Gallery of Modern Art - Beagles and Ramsey Review
By Julian Pla and Robyn Harraughty
A recent exhibition will make you question the future of cuture and consumerism. With sculpted and video displays, it highlights a dark side of the fashion world.
At the Gallery of Modern Art, Glasgow, based artists John Beagles and Graham Ramsay most known for their contemporary art, transformed the gallery floor into a flagship store. The display is made from recycled furniture material and compromises up to 80 models. They showcase a clothing line and accessories that look two-dimensional, almost as if mocking the way clothes and fashion are becoming soulless.
A dimly lit room displays, three NHOTB & RAD fashion lines and, some of these figures are shown with video animations. Each display showed a different side to the fashion world and how the consumerism is destroying the high street.
The artworks are decorated with lanyards and unique styles of clothing, with rails and displays filled the unusual one-size-fits-all clothing, highlighting how the fashion world does not consider plus sizes and its stigma of the imperfect body type. It mimics and pokes fun at the industry and its never-ending facade of inclusivity.
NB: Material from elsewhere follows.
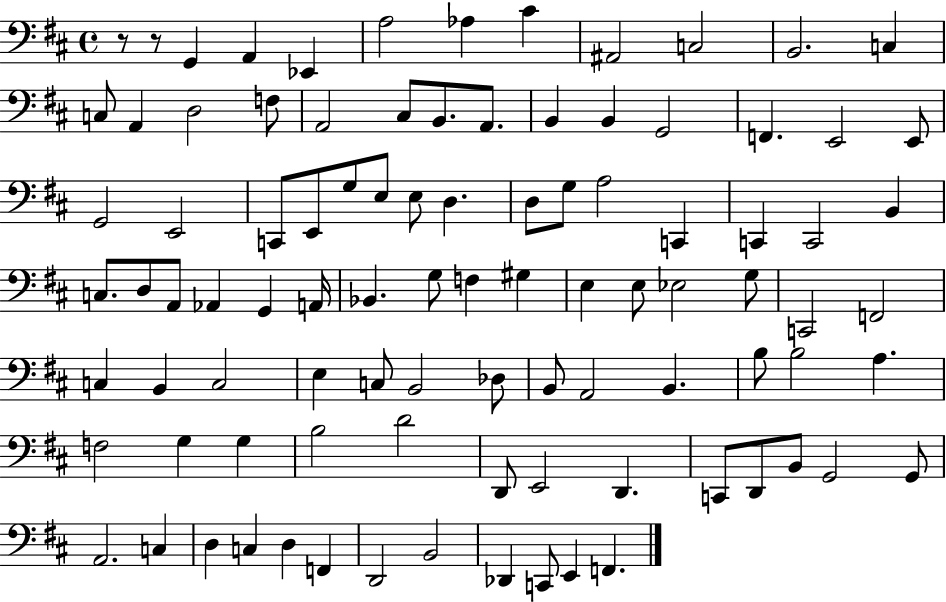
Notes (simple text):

There are a few displays as mirrors, confronting the idea of conformity by showing your own beauty, fashion and your own sense of style. They show that individuality is also important and that you shouldn’t dress a certain way to please others. Ultimately, by making us look inwards it allows us to better understand the exposition and reflect on our own self-worth and independence.
Strolling through this pop-up-like shop, you see many displays of up to 10-15 different statues telling us a different story. One shows the decrease of high street and the decline of consumerism due to online fashion. Each one of these displays tells us something different. Using the bright colours, big bags and the placement of each object in unique ways. The detail of each of these scenes is astonishing and placed in specific ways to confront the idea of what fashion is, was, and will become.
The central piece of the exposition is a runway-like structure with a model grabbing all the attention away from everything else, monopolising the spotlight in a futile attempt to distract us from the decaying world of fashion and branding it as the next big thing. The sculpture is made of recycled materials and shines bright with the lights bouncing of the mirror like face, casting a shadow over the entire floor. This reminds us of how fragile and subjective fashion can be.
These figures mixed in with their videos shows their struggle to stand as individuals. The display shows how fast-fashion is killing the industry and how fragile the ecosystem has become. It highlights the dark side of the fashion world, and how as a society we’ve become engulfed by the sole idea of admiration towards brands.
The exhibition confronts designer-like brands, and the idea of what fashion has really become. It prompts the question, is fashion considered vanguardist because of the brands or are the brands considered vanguardist because of the fashion?